No, it's not possible; ST doesn't have those semantics. The monad is ST s, and not ST s (STUArray s a). ST s is just a monad for keeping track of mutable state; which structures you choose to allocate and use inside a single ST region are up to you. If you have a bunch of computations which all operate on the same STUArray, you can use ReaderT:
type Hasher s = ReaderT (STUArray s Int Word32) (ST s)
padFixed :: Hasher ()
padFixed = do
block <- ask
unsafeWrite block 5 0x80000000
unsafeWrite block 15 160
The Reader r monad is just a wrapper around r ->; a value of type Reader r a is just a function r -> a. This is essentially a way to compute a while having access to a value of type r. The ReaderT r monad transformer just allows you to provide access to a variable of type r to an arbitrary monadic computation; thus, ReaderT (STUArray s Int Word32) (ST s) is an ST s computation which has access to some array. Note that you don't need to return the array from padFixed; the monad bind will handle all of that.
This'll be a little bit of a pain to write, since we'll have to keep asking for the array. Luckily, we can write some combinators to handle this for us:
{-# LANGUAGE RankNTypes, GeneralizedNewtypeDeriving #-}
import Data.Word
import Control.Applicative
import Control.Monad.Reader
import Control.Monad.ST
import Data.Array.ST (STUArray, runSTUArray)
import qualified Data.Array.Base as A
import Data.Array.Unboxed (UArray)
newtype Hasher s a =
Hasher { getHasher :: ReaderT (STUArray s Int Word32) (ST s) a }
deriving (Functor, Applicative, Monad, MonadReader (A.STUArray s Int Word32))
hasherToST :: Hasher s () -> (Int,Int) -> ST s (STUArray s Int Word32)
hasherToST (Hasher r) bounds = do
block <- A.newArray bounds 0
runReaderT r block
return block
runHasher :: (forall s. Hasher s ()) -> (Int,Int) -> UArray Int Word32
runHasher h bounds = runSTUArray $ hasherToST h bounds
-- Perhaps private to this module, perhaps not
liftST :: ST s a -> Hasher s a
liftST = Hasher . lift
----- We can lift the functions which act on an STUArray -----
getBounds :: Hasher s (Int,Int)
getBounds = liftST . A.getBounds =<< ask
-- I'd recommend against removing the `unsafe` from the name; this function
-- could segfault, after all.
unsafeReadBlock :: Int -> Hasher s Word32
unsafeReadBlock i = do
block <- ask
liftST $ A.unsafeRead block i
unsafeWriteBlock :: Int -> Word32 -> Hasher s ()
unsafeWriteBlock i x = do
block <- ask
liftST $ A.unsafeWrite block i x
----- And then, perhaps in a separate module: -----
padFixed :: Hasher s ()
padFixed = do
unsafeWriteBlock 5 0x80000000
unsafeWriteBlock 15 160
(Note that I couldn't inline hasherToST inside of runHasher, probably because of the higher-rank types blocking inference.)
Basically, we wrap the ReaderT (STUArray s Int Word32) (ST s) into a newtype instead of a type synonym, and lift some basic array primitives up to work on the always-available block. You don't even need to derive MonadReader for the Hasher type if you don't want, as long as you lift all the necessary functions. But once you've done this, your hashing code can talk about the array implicitly.
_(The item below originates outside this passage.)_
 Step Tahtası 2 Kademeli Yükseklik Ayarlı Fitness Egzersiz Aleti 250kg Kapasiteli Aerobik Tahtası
No, you're confused; that's not possible. Think of STUArray s i e as being a pointer to the beginning of a block of memory. You have to pass that pointer around to anything that needs to modify that block of memory; you can't just conjure it up out of thin air.
But you don't need to return it. Presumably the caller already has the pointer.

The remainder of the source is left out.